Leaving the pictures aside, repeat the entries exactly.

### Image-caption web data
______
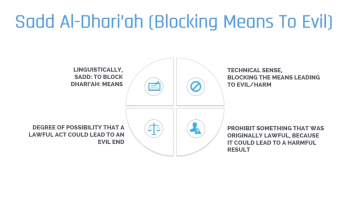 Secondary Sources of Shariah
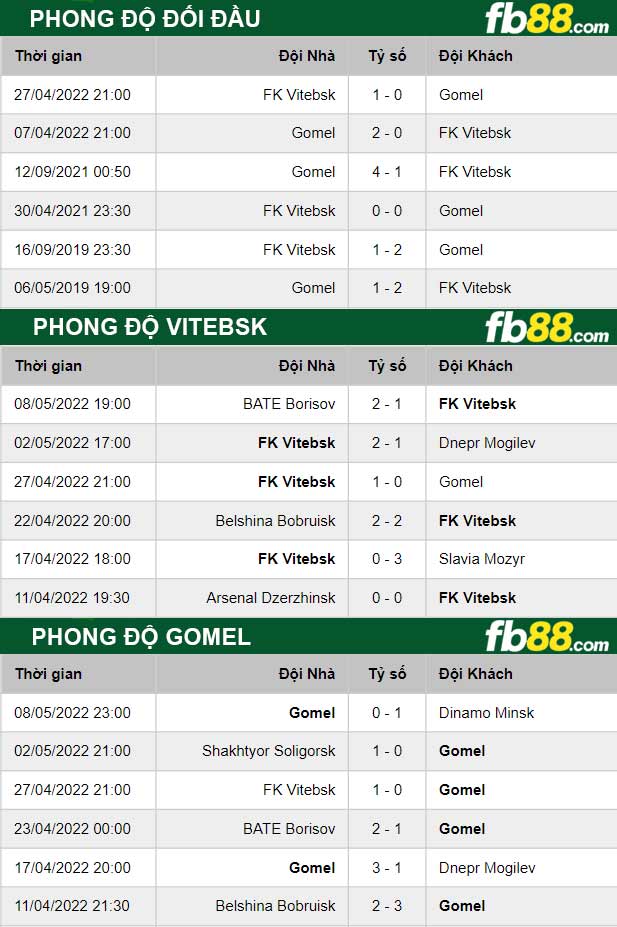 Fb88 soi kèo trận đấu Vitebsk vs Gomel
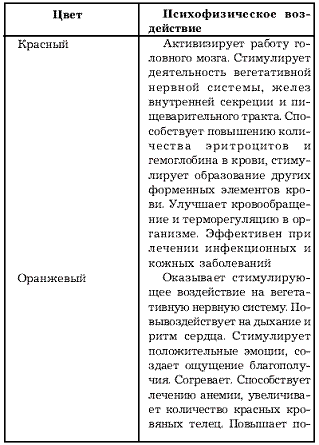 За гранью возможного - pic_29.png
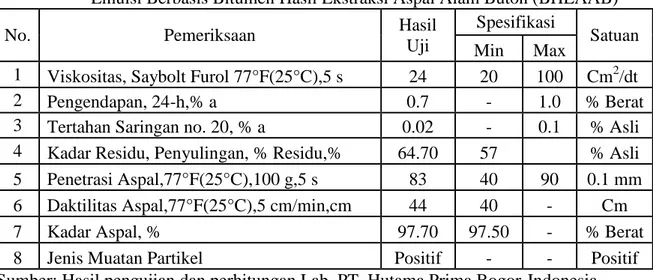 Tabel 4.5. Komposisi Unsur-Unsur Pembentuk Aspal Emulsi Berbasis Bitumen Hasil  Ekstraksi Aspal Alam Buton (BHEAAB)   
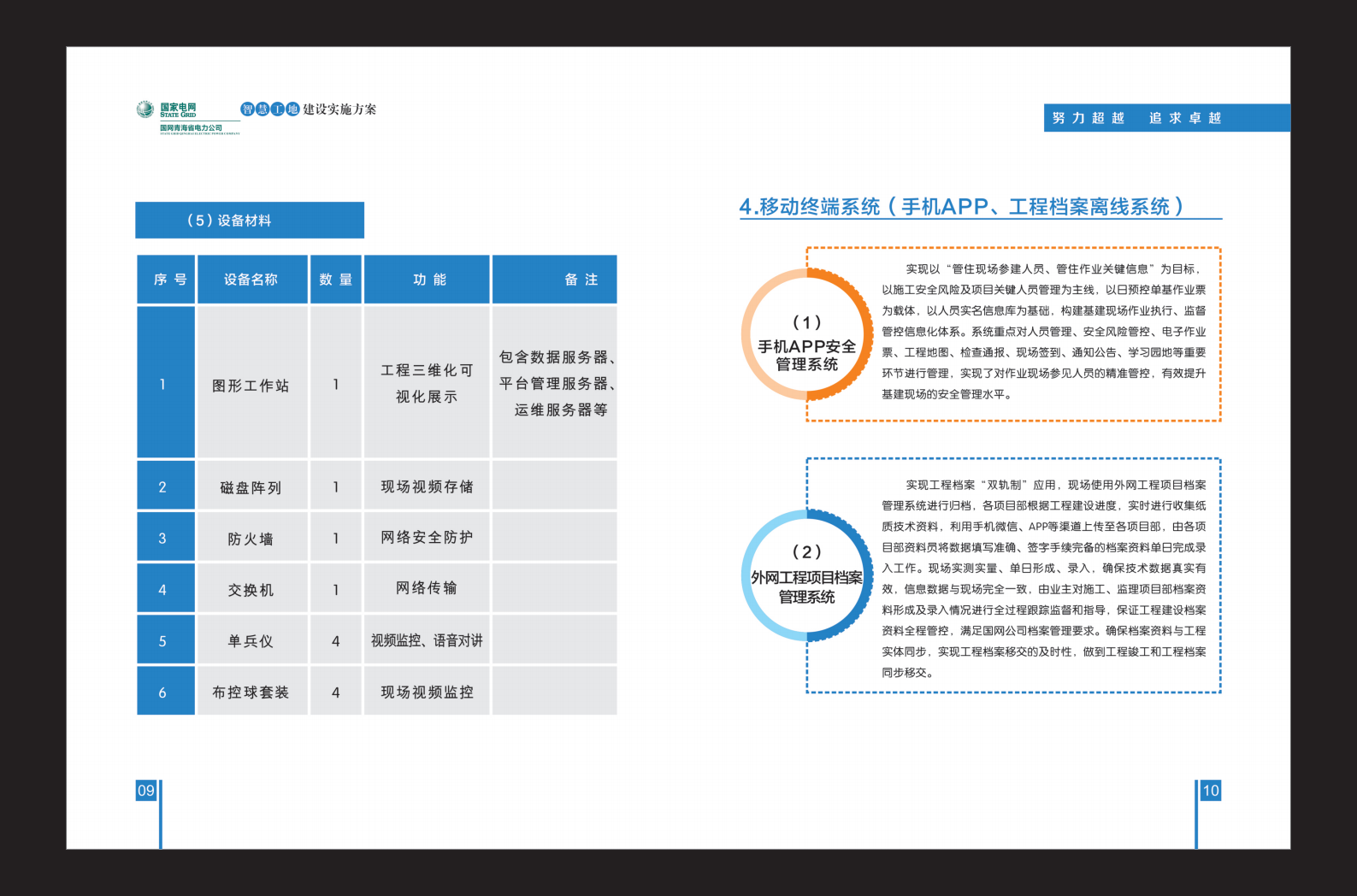 国网青海省电力公司-基于泛在电力物联网全过程基建管理“智慧工地” 实施方案最终(201910) 第7页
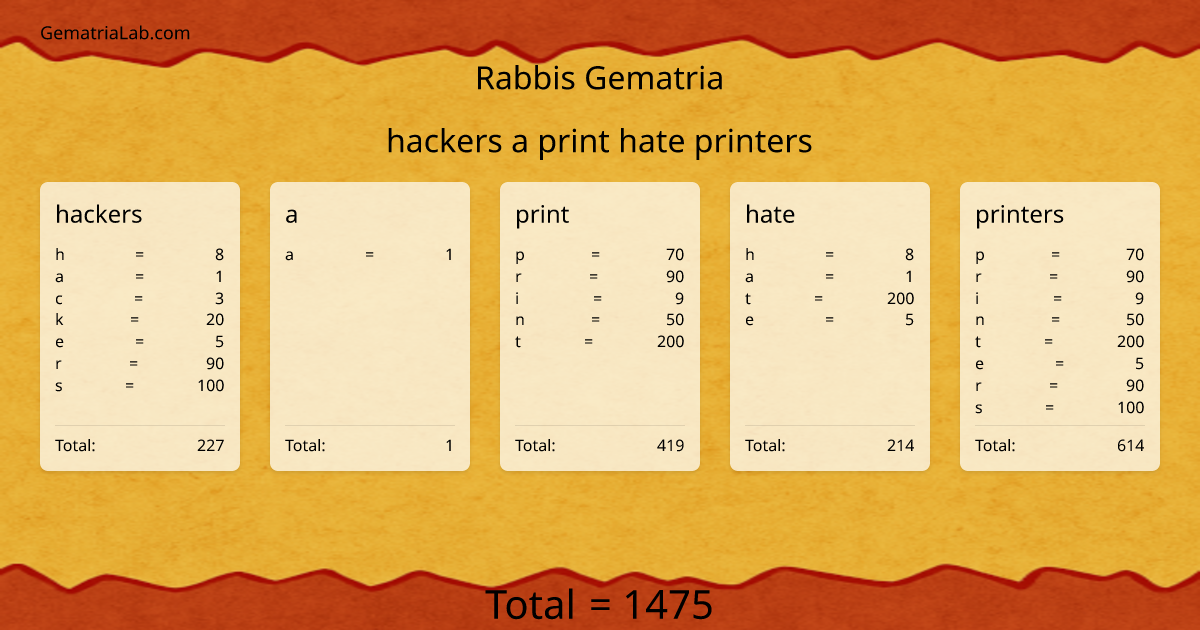 hackers a print hate printers in rabbis Gematria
______
### Result of this exercise
 Secondary Sources of Shariah
 Fb88 soi kèo trận đấu Vitebsk vs Gomel
 За гранью возможного - pic_29.png
 Tabel 4.5. Komposisi Unsur-Unsur Pembentuk Aspal Emulsi Berbasis Bitumen Hasil  Ekstraksi Aspal Alam Buton (BHEAAB)   
 国网青海省电力公司-基于泛在电力物联网全过程基建管理“智慧工地” 实施方案最终(201910) 第7页
 hackers a print hate printers in rabbis Gematria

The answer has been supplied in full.